The 2017 Global Information Security Workforce Study: Women in Cybersecurity revealed some hard truths. Women make up only 11 percent of the cybersecurity workforce, and in 2016, women in cybersecurity careers earned less than men at every level.
The report also found that when women feel valued in the workplace tend to have benefitted from leadership development programs.
“When women feel valued, they are more successful,” says Joyce Brocaglia, CEO with Alta Associates and Founder of The Executive Women’s Forum (EWF) on Information Security, Risk Management & Privacy. That success comes when women are provided with a culture that’s based on trust and interactive and when they are mentored.
Women add diversity
It takes diversity to solve complex problems, and there may be nothing more complex than the problems faced by cybersecurity and IT professionals. Hackers are a diverse entity, and a diverse workforce is necessary to thwart their attacks. Bringing more women into cybersecurity can offer new ways of looking at attacks and approaches to mitigate them.
The biggest roadblock women in cybersecurity face is the gender bias, and it is at virtually every level. Artificial intelligence, for example, is designed with a gender bias in the data set and that skews the results. Cybersecurity legislation is often crafted with a similar gender bias.
“One of the greatest achievements of the EWF is creating a symposium for women in cybersecurity on Capitol Hill,” says Brocaglia. “Over the past two years, the symposium has brought 250 women in for bipartisan sessions, and that has resulted in using the EWF as a conduit for increasing women’s participation in cybersecurity legislation.”
More than coding
What’s exciting about a career in cybersecurity is the number of opportunities available.
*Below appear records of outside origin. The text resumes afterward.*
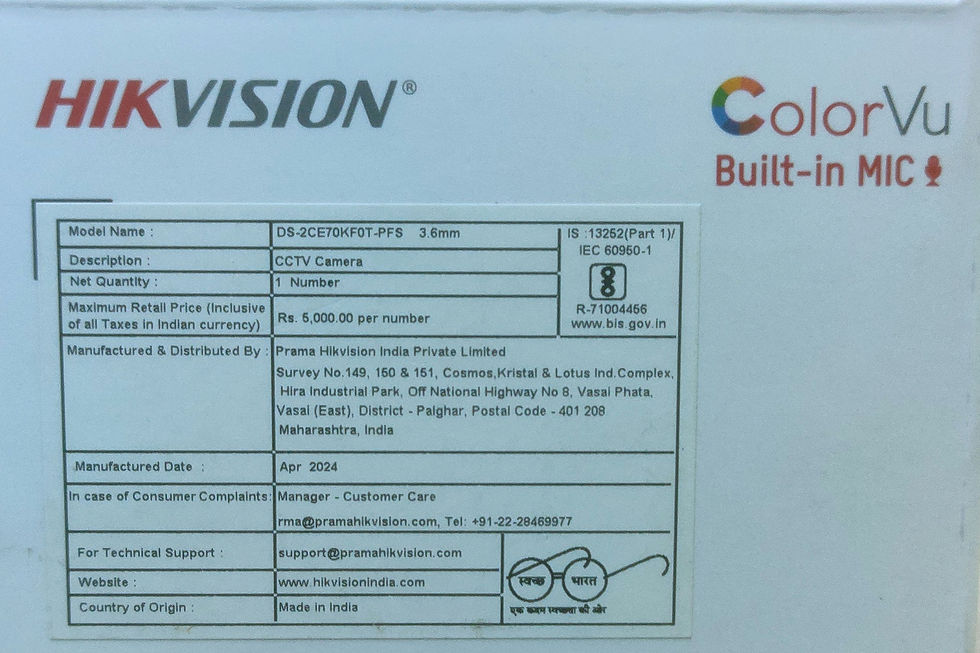 Thumbnail: HIKVISION COLOUR CAMERA 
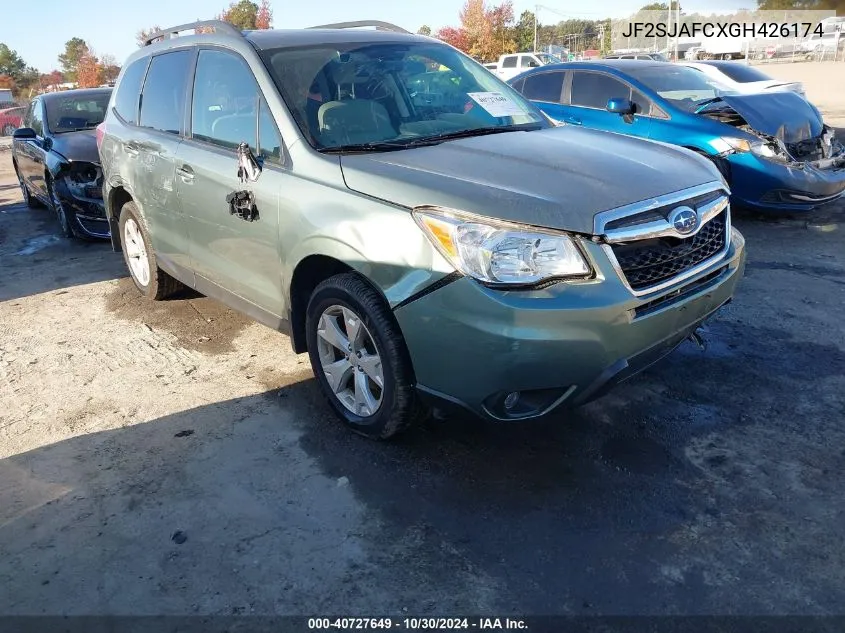 2016 Subaru Forester 2.5I Premium VIN: JF2SJAFCXGH426174 Lot: 40727649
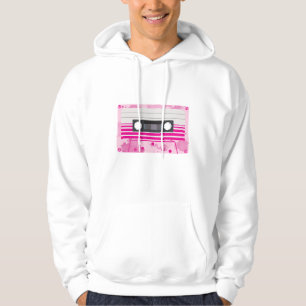 Roze Cassettebandje met Roze Splashes Hoodie
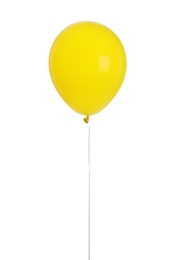 Photo of Color balloon on white background. Celebration time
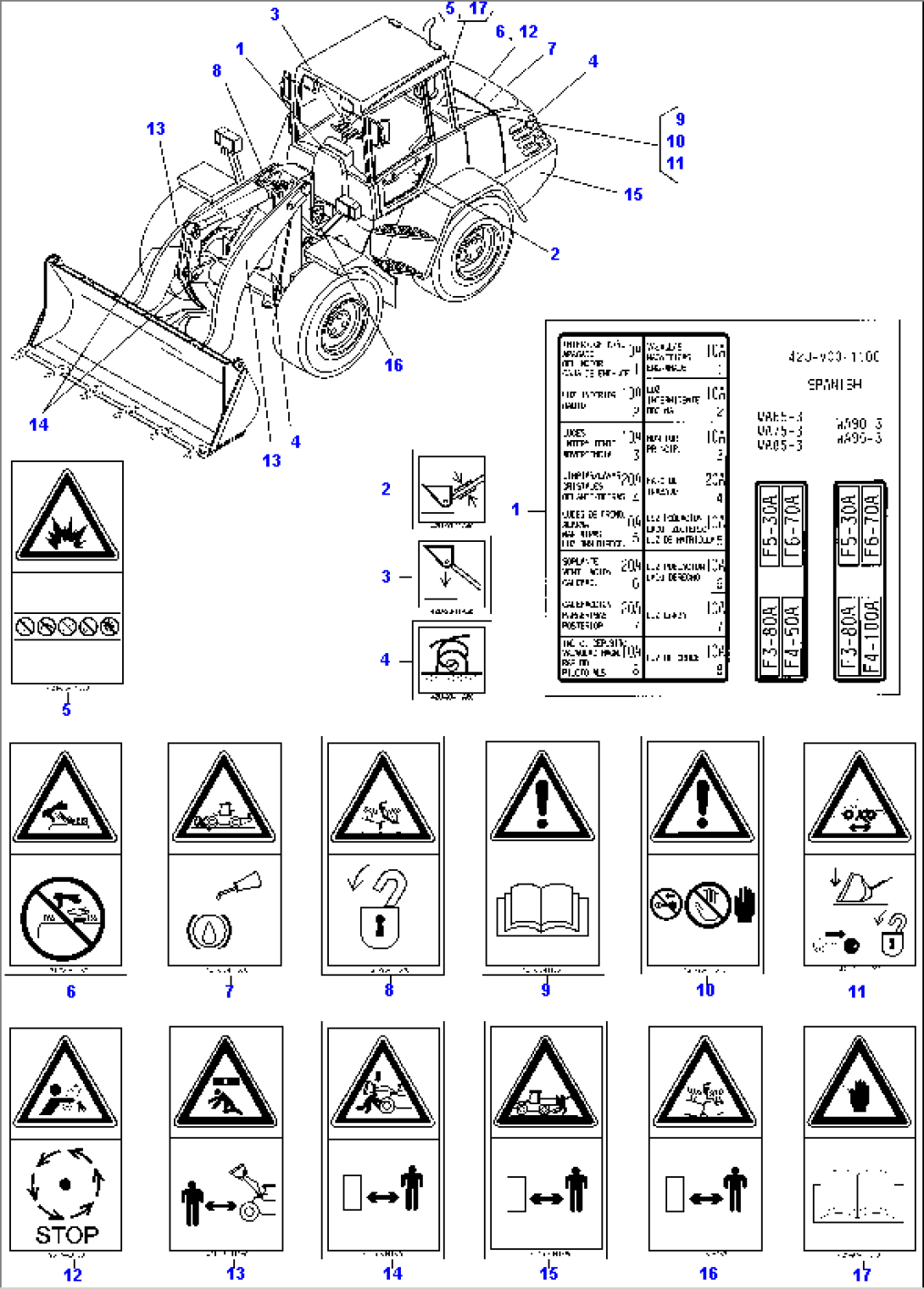 DECALS, SPANISH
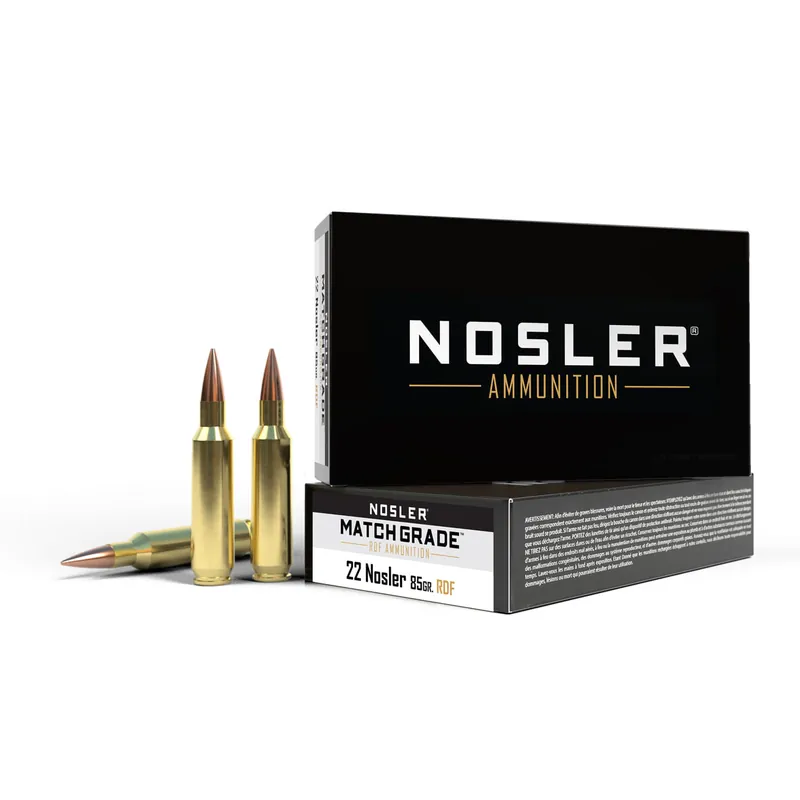 Match Grade 22 85 Grain RDF HPBT Ammunition 20 Rounds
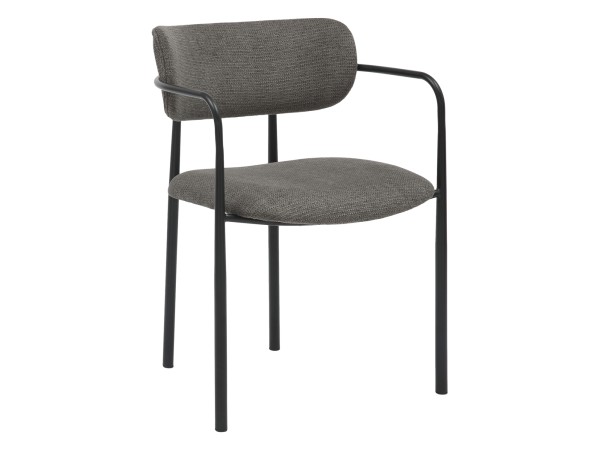 ΚΑΡΕΚΛΑ ΤΡΑΠΕΖΑΡΙΑΣ KRITTER HM9994.02 ΜΑΥΡΟ ΜΕΤΑΛΛΟ-ΣΚΟΥΡΟ ΓΚΡΙ ΥΦΑΣΜΑ 58x53x76Υεκ.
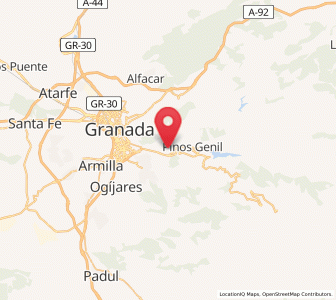 Map of Cenes de la Vega, Andalusia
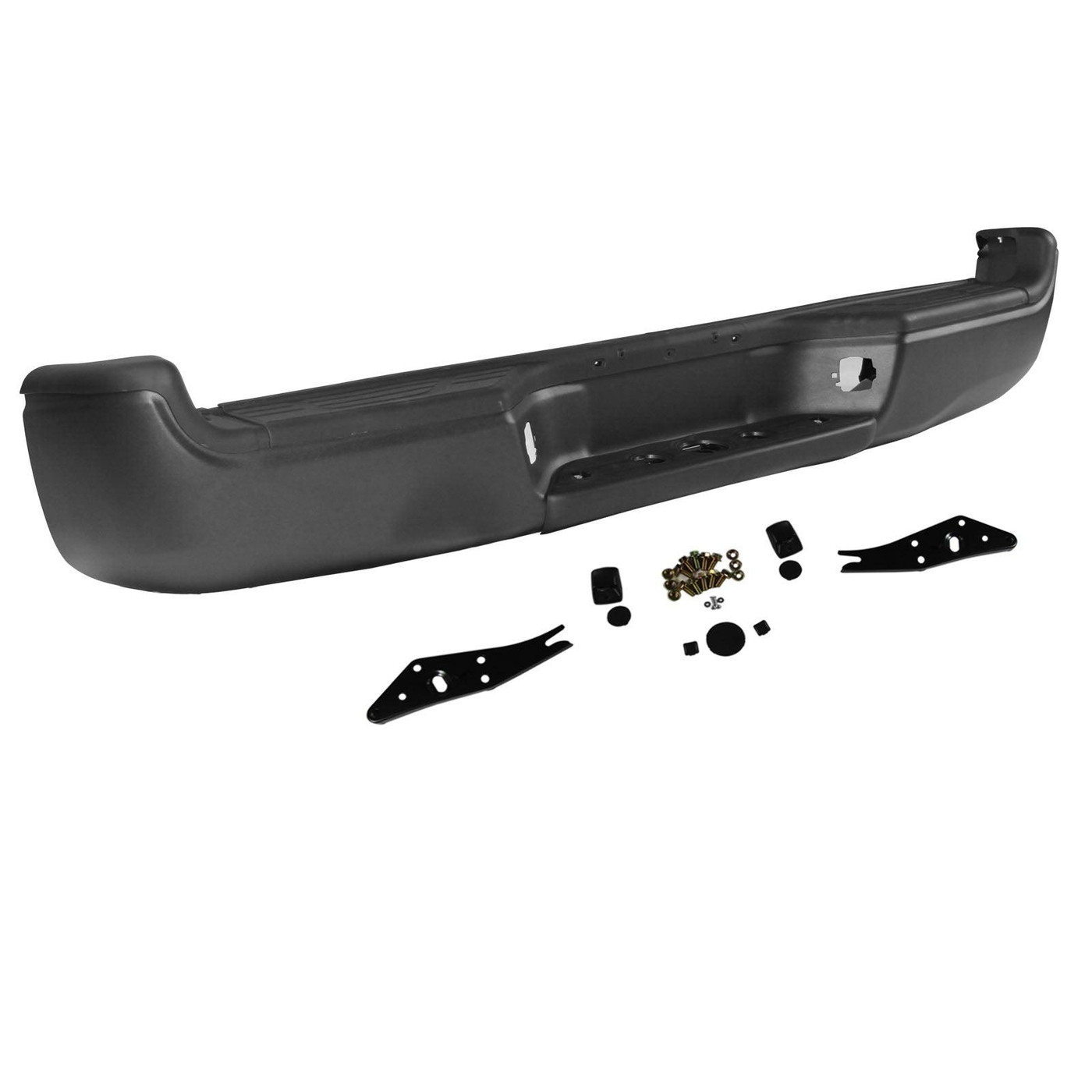 Image of Primed Bumper Replacement - Rear Steel Step Bumper for 2005-2015 Toyota Tacoma 05-15.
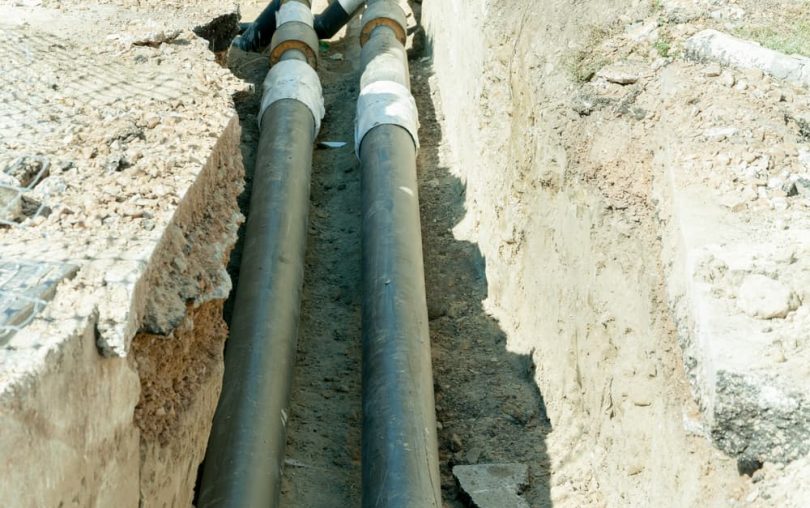 Underground Pipe Installation In Progress — Fibre Optic Installation in Logan, QLD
There are high-tech options, but professionals are needed in training and awareness, in marketing and dealing with big picture strategies. Every industry, every level of government, and even our personal lives are at a point where cybersecurity is a requirement.
When people think of cybersecurity, they think of it only in terms of stopping hackers, explains Brocaglia, but that’s just one area. “Everyone I know in cybersecurity is incredibly passionate so there are plenty of places to find a passion,” she adds.
Advice for newcomers
If you are considering a career in cybersecurity, Brocaglia has three points of advice.
First, have confidence in yourself and your ability and step into your power as early as you can to express that confidence. Second, seek out mentors and sponsors. “Sponsors are the men and women in your own organization who can help you and spend their own political capital to help your career,” she says.
Finally, be active in professional organizations where you’ll interact with a diverse group of executives who will recognize talent and give you projects and give you opportunities you may not otherwise have.
“It’s never too early to think of yourself as a leader,” Brocaglia advises. “Think of yourself as a leader and a mentor and mentor others as early as possible because by teaching you learn yourself.”